8:38 am today

Starship Hospital nurse, Vickie Wade, couldn’t hear baby’s oxygen alarm while wearing headphones and using laptop

8:38 am today

By Jeremy Wilkinson, Open Justice reporter of NZ Herald

Starship Hospital in Auckland.

Auckland's Starship Children's Hospital. Photo: RNZ / Cole Eastham-Farrelly

While a baby was turning blue from not getting enough oxygen nurse Vickie Wade sat on a La-Z-Boy armchair with her laptop on her knees and her headphones in.

In the same room, an alarm had been blaring for nearly half a minute, red text on an oxygen monitor reading "apnoea".

By the time another nurse intervened the infant's oxygen levels were critically low at just 20 percent and its heart rate was below the normal range.

Despite being warned to concentrate on the infants in her care Wade was found five minutes later back in the armchair with her headphones on.

Then a few months later a similar incident happened, with her colleagues needing to intervene in the care of another infant in her charge.

According to a ruling from the Health Practitioner's Disciplinary Tribunal released on Tuesday, Wade was working in the neonatal intensive care unit (NICU) at Starship Hospital in December 2019 when the first incident occurred.

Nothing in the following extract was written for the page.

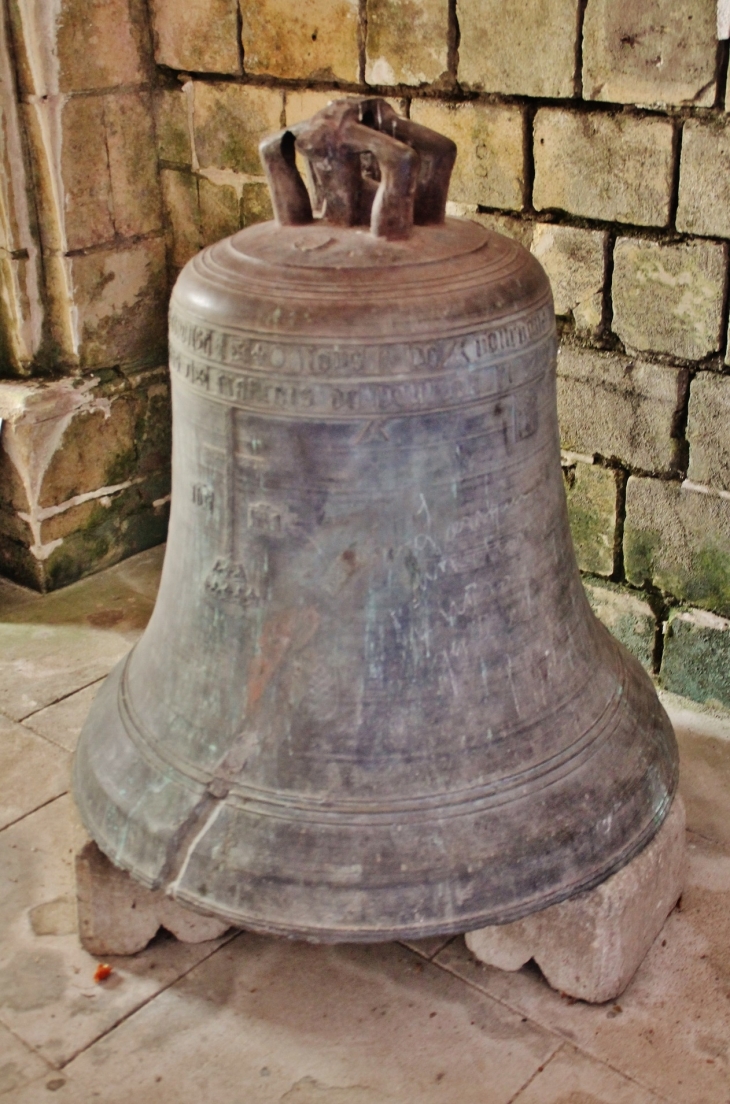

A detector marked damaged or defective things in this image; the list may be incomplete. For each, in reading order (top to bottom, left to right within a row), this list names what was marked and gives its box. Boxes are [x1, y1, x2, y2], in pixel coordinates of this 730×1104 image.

rust stain on bell [71, 99, 675, 940]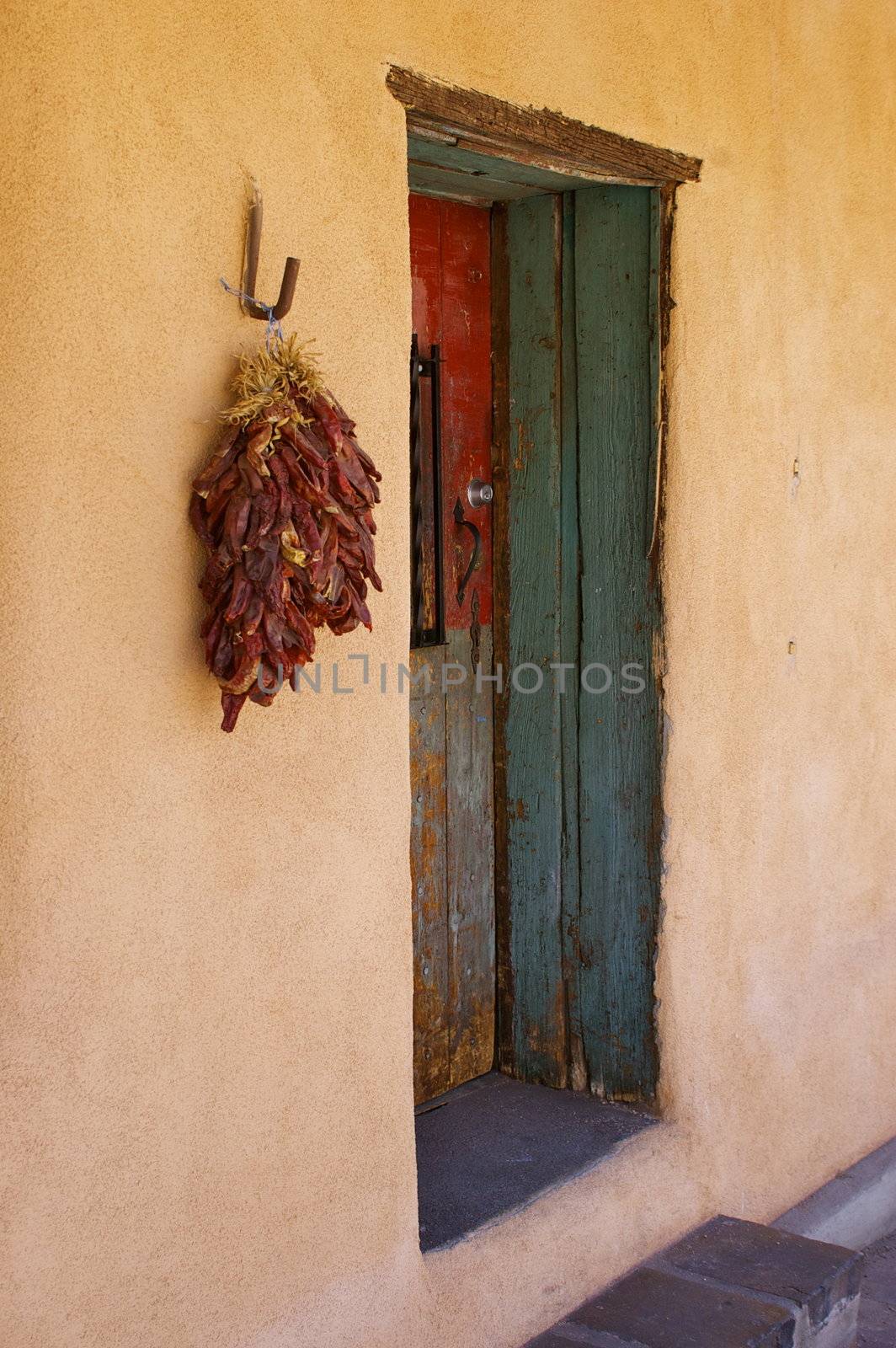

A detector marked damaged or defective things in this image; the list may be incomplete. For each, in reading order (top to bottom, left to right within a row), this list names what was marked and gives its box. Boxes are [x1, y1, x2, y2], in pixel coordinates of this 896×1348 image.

Part of the nurse's duties was to check and set the levels for the alarms wired to oxygen and heart rate monitors attached to infants in their care.

An alarm would not trigger until an infant went approximately 20 seconds without taking a breath at which point a high red line alarm would sound.

Another nurse on shift assumed that Wade would check on the infant but after 10 seconds she went and checked herself, only to find Wade oblivious to the alarm.

The infant was turning blue due to a critically-low oxygen level and its heart rate was below normal.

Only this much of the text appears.